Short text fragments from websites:
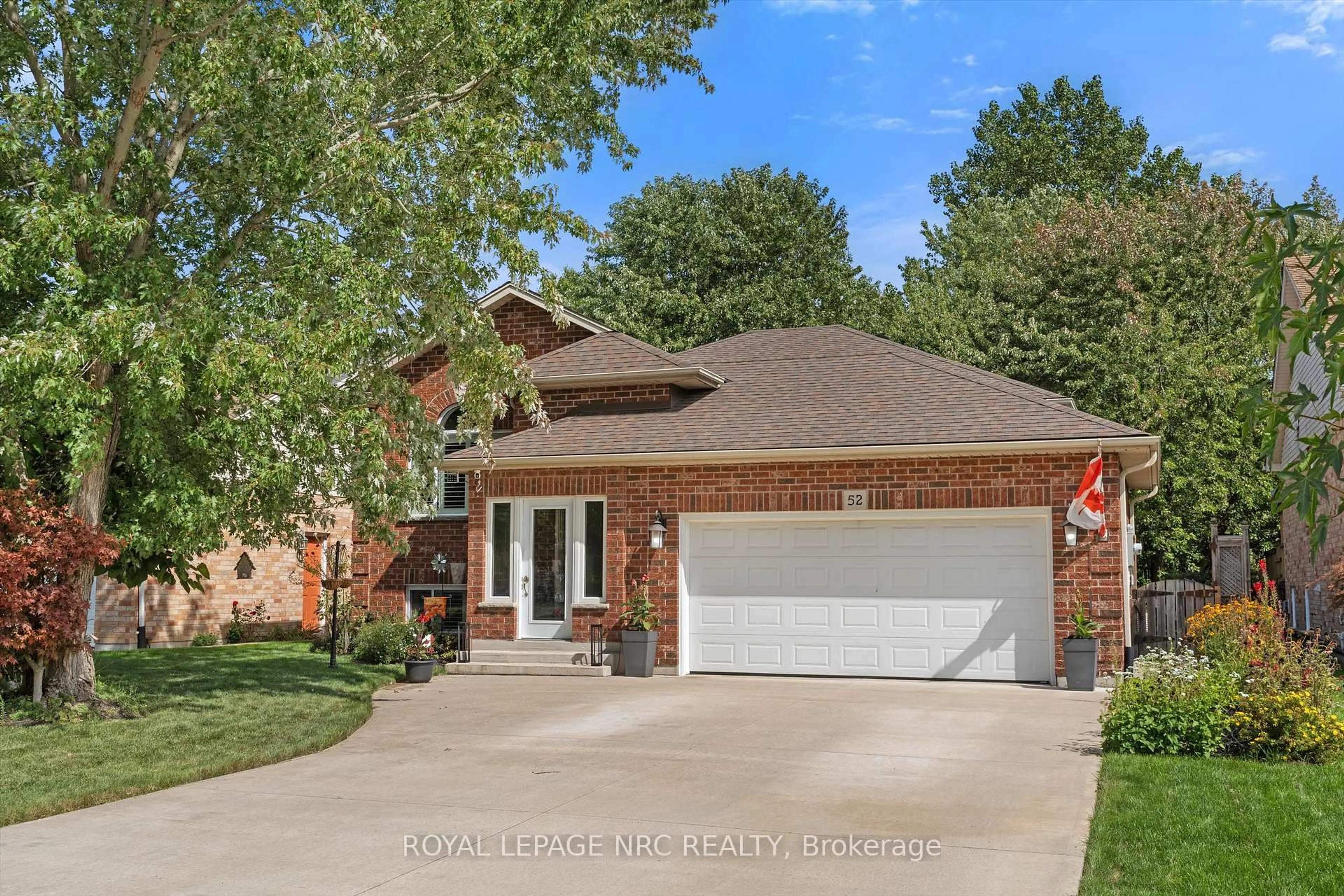 Home with brick exterior material, street for 52 Thorold Ave, Thorold Ontario L0S 1K0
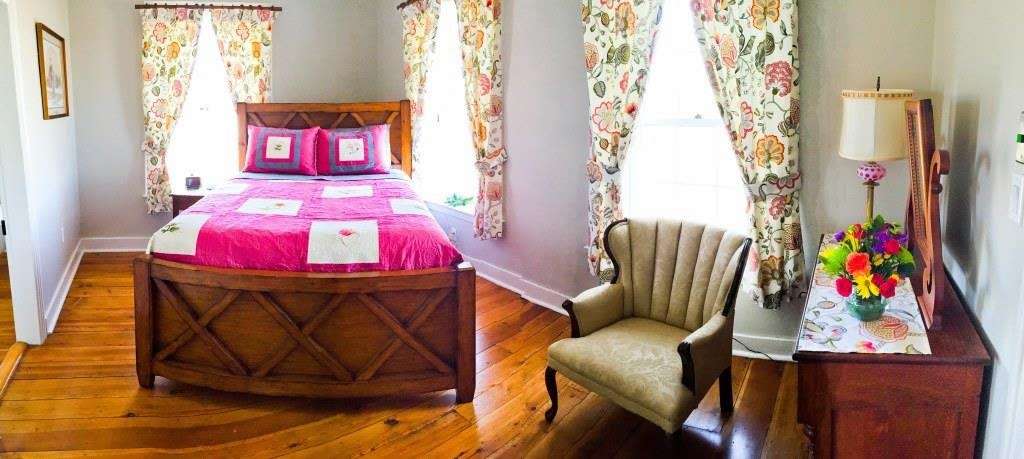 Elmwood Farm Bed and Breakfast | 16311 Kendle Rd, Williamsport, MD 21795, USA | Phone: (240) 707-0772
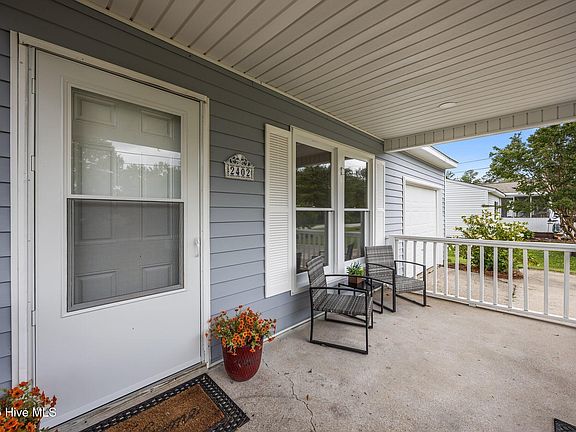 4th image of 2402 S Lakeview Drive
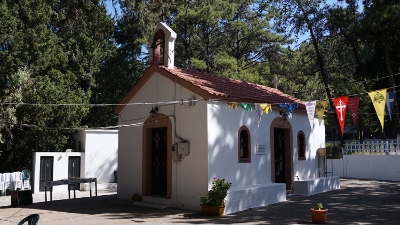 Embonas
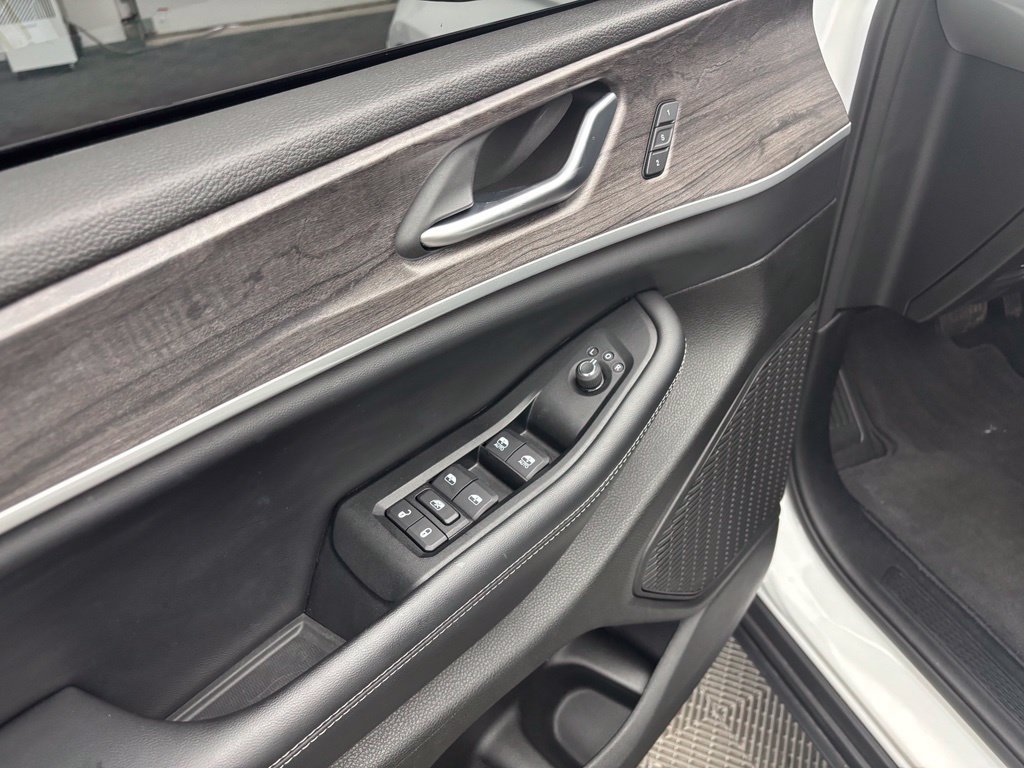 Used 2024 Jeep Grand Cherokee Limited AWD/4WD image 19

TASK TO COMPLETE:
Pictures stay out; the entries above are to be output exactly as given.

SOLUTION BELOW:
 Home with brick exterior material, street for 52 Thorold Ave, Thorold Ontario L0S 1K0
 Elmwood Farm Bed and Breakfast | 16311 Kendle Rd, Williamsport, MD 21795, USA | Phone: (240) 707-0772
 4th image of 2402 S Lakeview Drive
 Embonas
 Used 2024 Jeep Grand Cherokee Limited AWD/4WD image 19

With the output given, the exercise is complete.